Call it a pragmatic shift. Rather than shouting sustainability from the HQ rooftops, firms look to be folding ESG into operational goals, product development, long-term planning, and even just everyday tasks. The hope here is that the public can see it but doesn’t get bombarded with it on every earnings call and press release.
Market Results and Share-Price Returns Are Still There
As long as the results and data support it, ESG can thrive. Srivastava presented evidence that companies that integrate ESG well tend to outperform, citing the S&P 500® ESG Index and the MSCI ESG Index. Alpha in share-price returns is, of course, never guaranteed. Still, firms like Microsoft (NASDAQ:MSFT), Ørsted, and Schneider Electric (EPA:SCHN) are cases in point, noted by Srivastava, for embedding sustainability into their core business models.

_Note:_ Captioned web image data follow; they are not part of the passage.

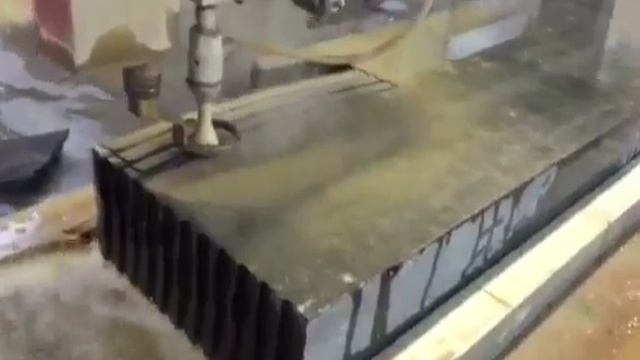 Гидроабразивная резка черного мрамора Marquina 110 мм 4' на 5-осевом станке Waterjet Corp SUPREMA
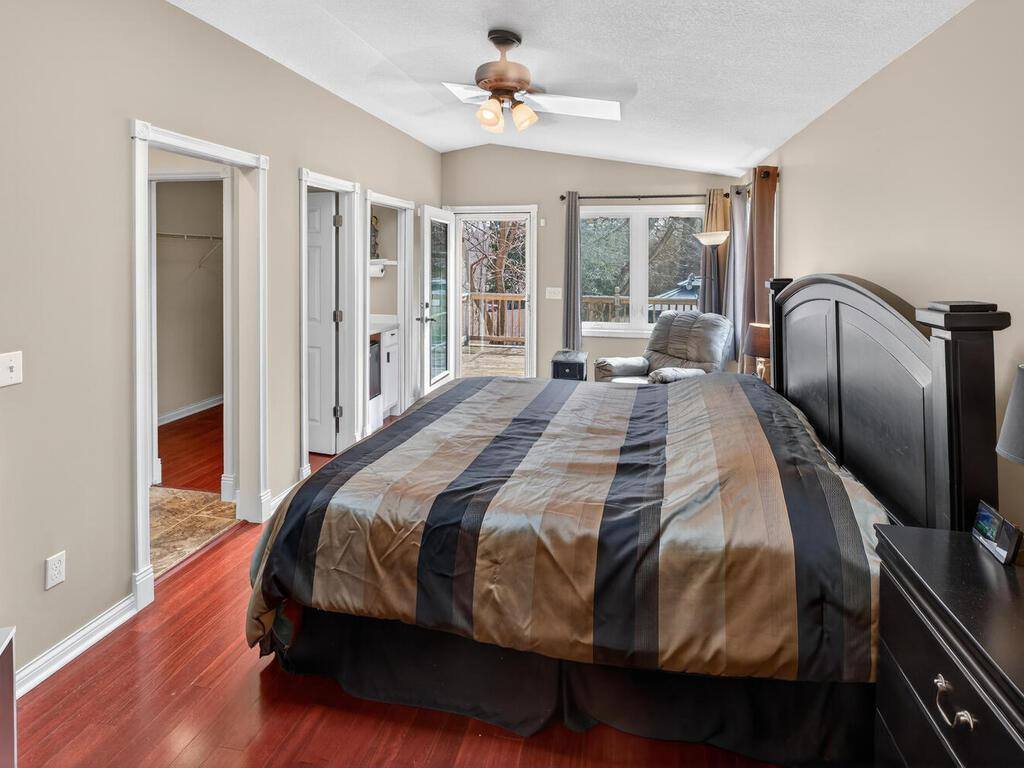 8701 Green Haven Drive, Brooklyn Park, MN 55445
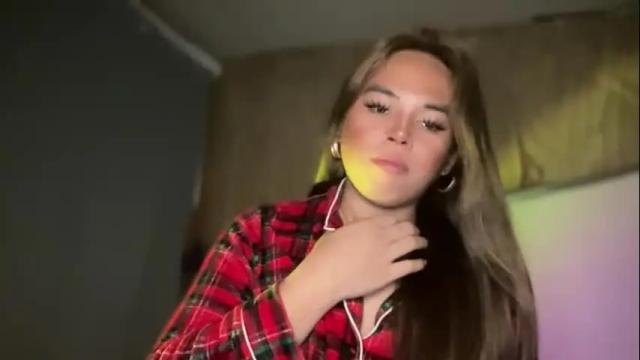 Image 7 of sweetalexa19 Stream on Chaturbate on 7 days ago
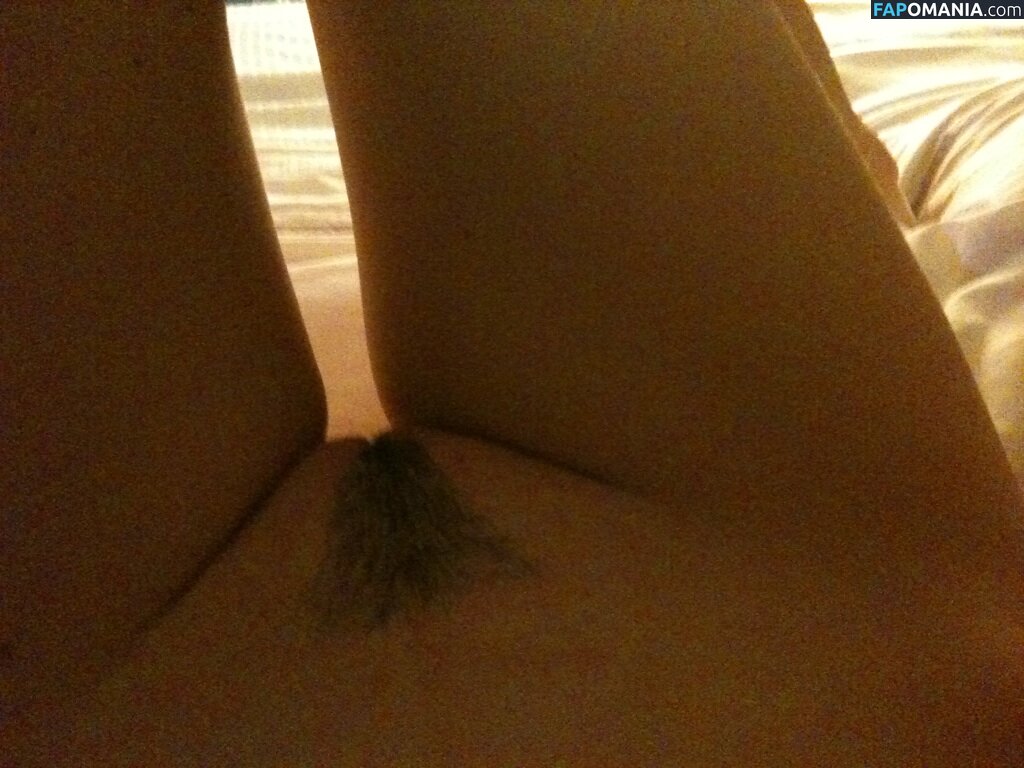 Krysten Ritter ヌード 流出写真 #11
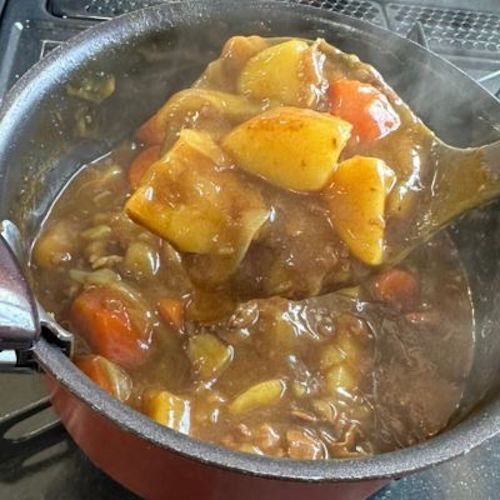 カレーの下ごしらえ、途中でアレを入れると？　思わぬ効果に「なんと！」「超うまそ」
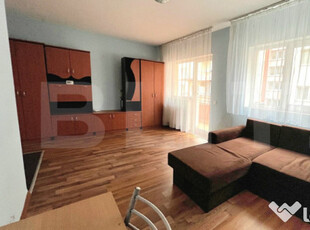 Apartament cu 1 camera, 34mp, decomandat, balcon, zona Steja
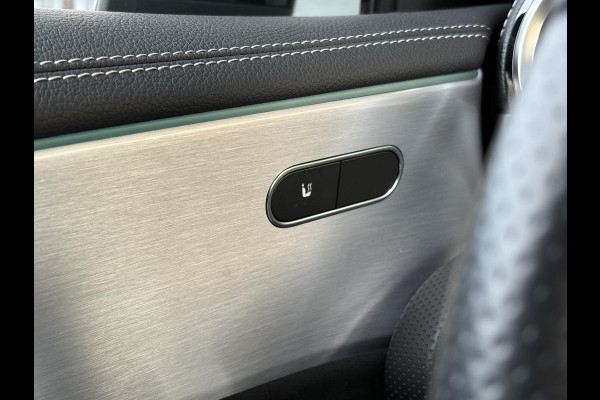 Mercedes-Benz A-Klasse 250 e AMG Line | Stoelverwarming | Navigatie | Getint glas | PDC | Climate contol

Martinek added that these companies tie in their revenue alignment with powerful sustainability themes and strong corporate governance, which helps to remove reputational risk.
A Heated Political Climate
As noted by the panel, the elephant in the room is the current state of the US political landscape. ESG will undoubtedly be a hot-button issue as we exit one election cycle and enter the next. Amid the intense rhetoric, sustainable investing does not look to be stalled.
A reshaping appears to be underway, one that embraces new strategies, fresh voices, and enduring corporate policies that benefit as many stakeholders as possible. The culture war will persist—the panel was not Pollyanna about that—but the infrastructure supporting sustainable investing continues to evolve and deepen.
The Bottom Line
The “Great ESG Rebrand” doesn’t ditch what took years to build. The goals of the 2010s endure, and the recalibration taking place now may be poised to gradually reshape how corporate executives make decisions.
The panel was direct: sustainable investing cannot be done in a vacuum, and looking beyond the labels to see what the data actually shows is key. True practitioners of sustainable investing and ESG know that only progress matters, according to the panel, not labels and acronyms.